Raw data:
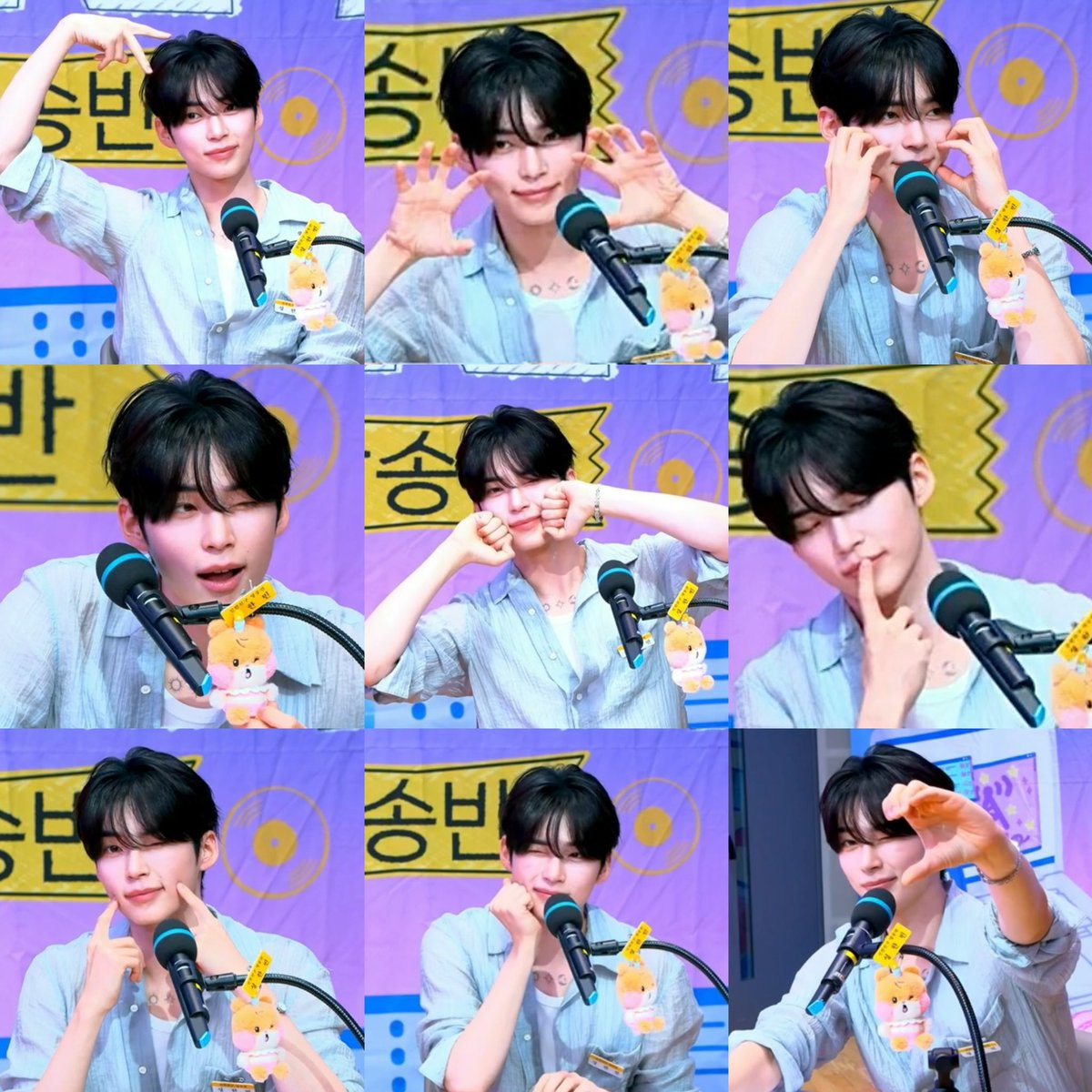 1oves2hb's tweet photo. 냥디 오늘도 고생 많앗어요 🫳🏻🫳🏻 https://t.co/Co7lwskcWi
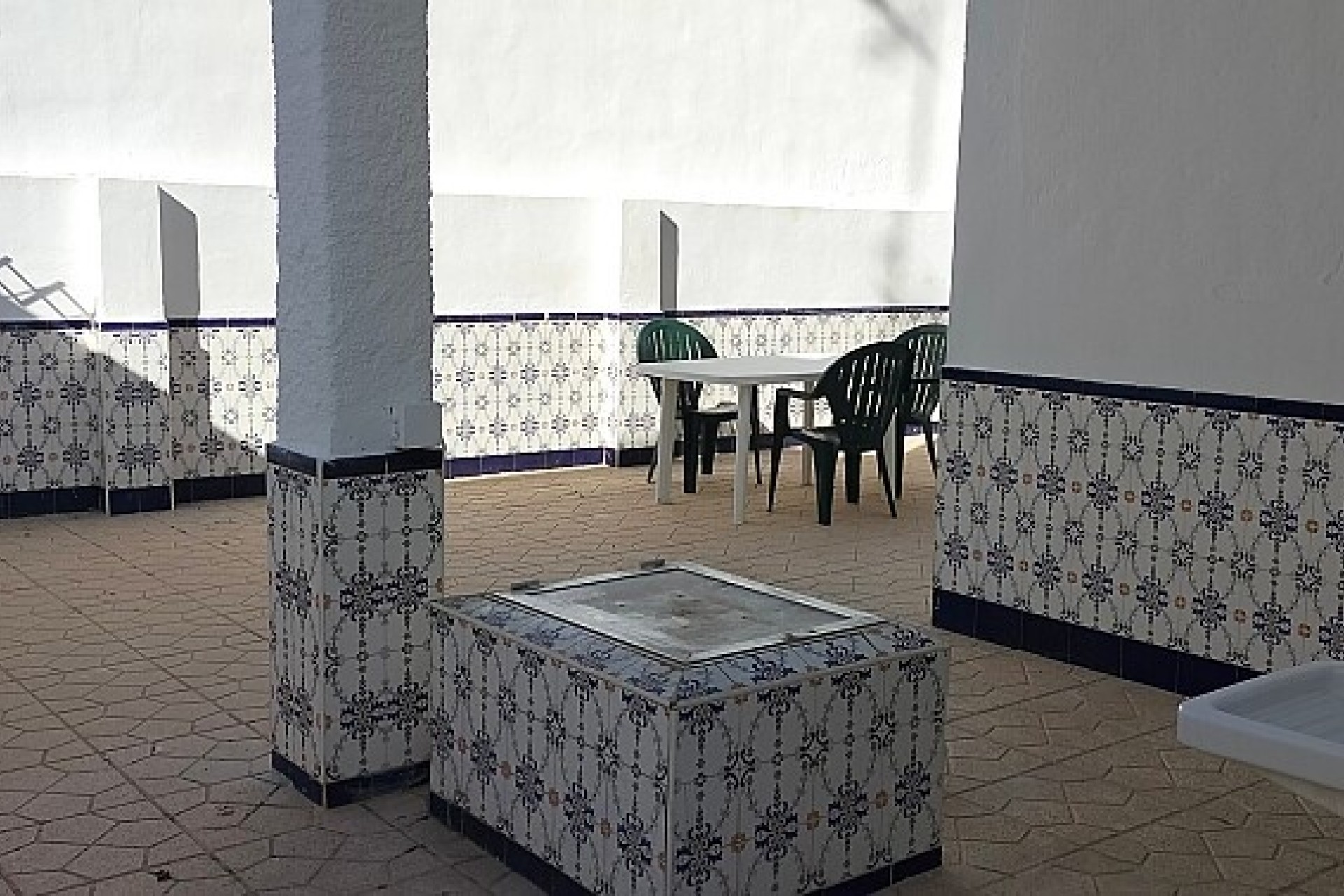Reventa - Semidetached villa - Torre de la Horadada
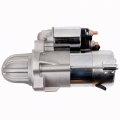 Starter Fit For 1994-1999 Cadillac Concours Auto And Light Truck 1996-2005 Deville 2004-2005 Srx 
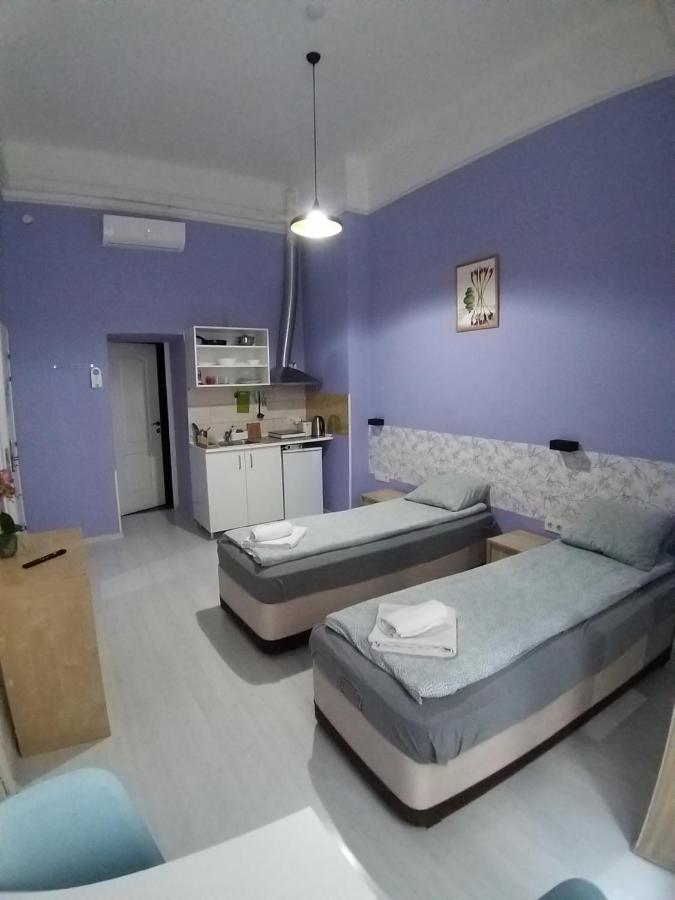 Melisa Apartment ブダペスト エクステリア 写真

Directions: Leave the images out. Set down all of the material above exactly.

Solution to this problem:
 1oves2hb's tweet photo. 냥디 오늘도 고생 많앗어요 🫳🏻🫳🏻 https://t.co/Co7lwskcWi
Reventa - Semidetached villa - Torre de la Horadada
 Starter Fit For 1994-1999 Cadillac Concours Auto And Light Truck 1996-2005 Deville 2004-2005 Srx 
 Melisa Apartment ブダペスト エクステリア 写真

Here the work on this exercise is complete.